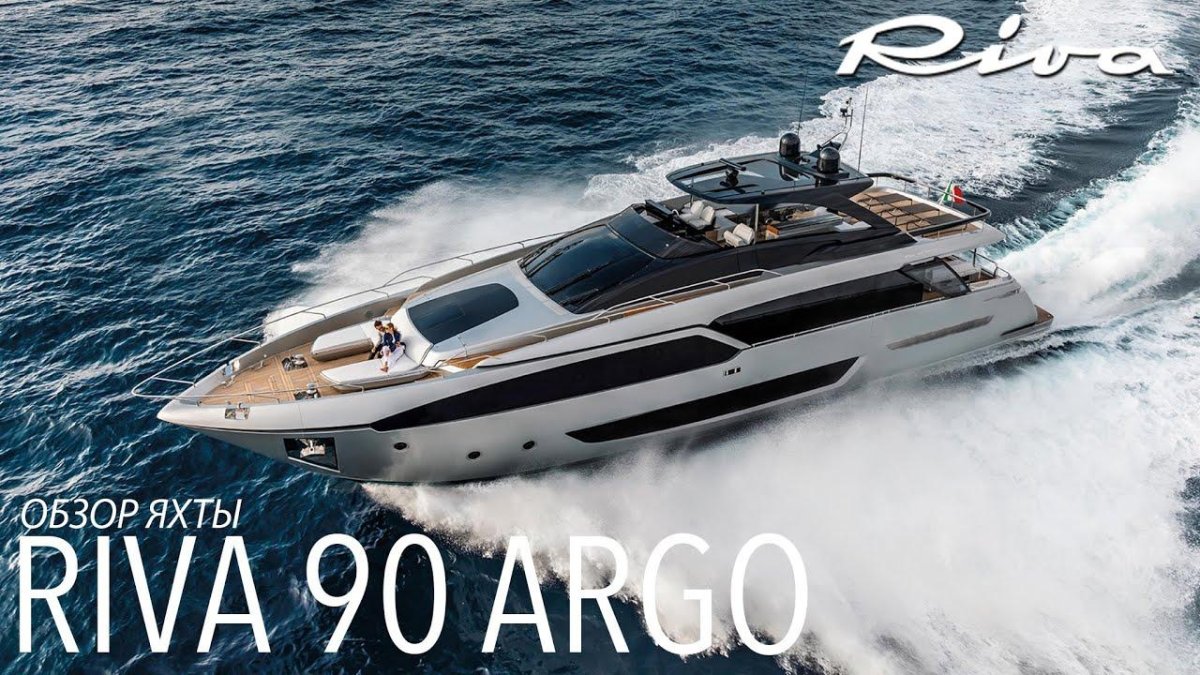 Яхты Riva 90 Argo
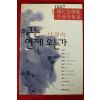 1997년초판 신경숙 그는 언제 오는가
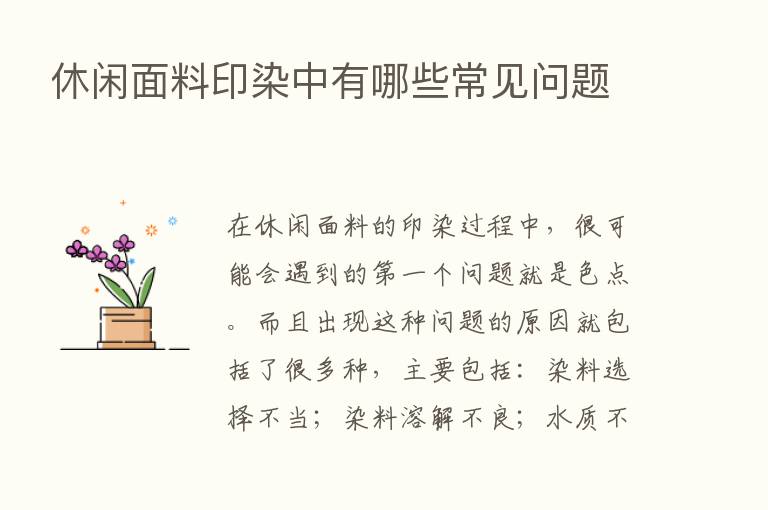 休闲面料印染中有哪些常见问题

#####

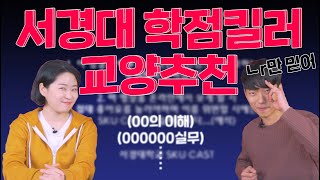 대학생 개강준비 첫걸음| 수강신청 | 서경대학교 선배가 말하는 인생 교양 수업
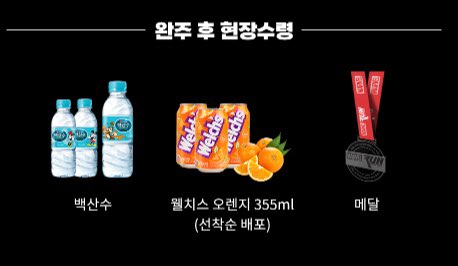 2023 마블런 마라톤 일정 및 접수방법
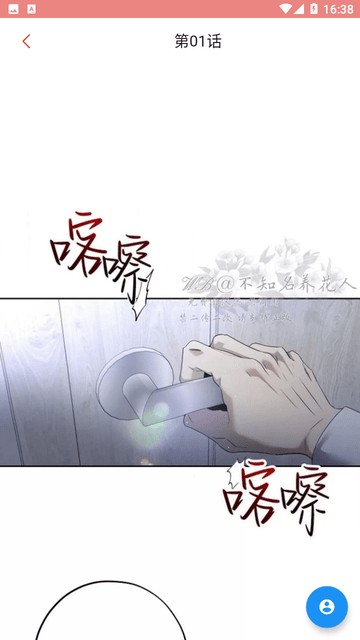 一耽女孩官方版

#####

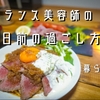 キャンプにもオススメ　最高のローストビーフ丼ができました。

#####

What to do
Using the records above, print exactly the run of lines that starts with the line with "Яхты Riva 90 Argo" and goes on through the line with "休闲面料印染中有哪些常见问题", pictures excluded.

Answer to this problem
 Яхты Riva 90 Argo
 1997년초판 신경숙 그는 언제 오는가
 休闲面料印染中有哪些常见问题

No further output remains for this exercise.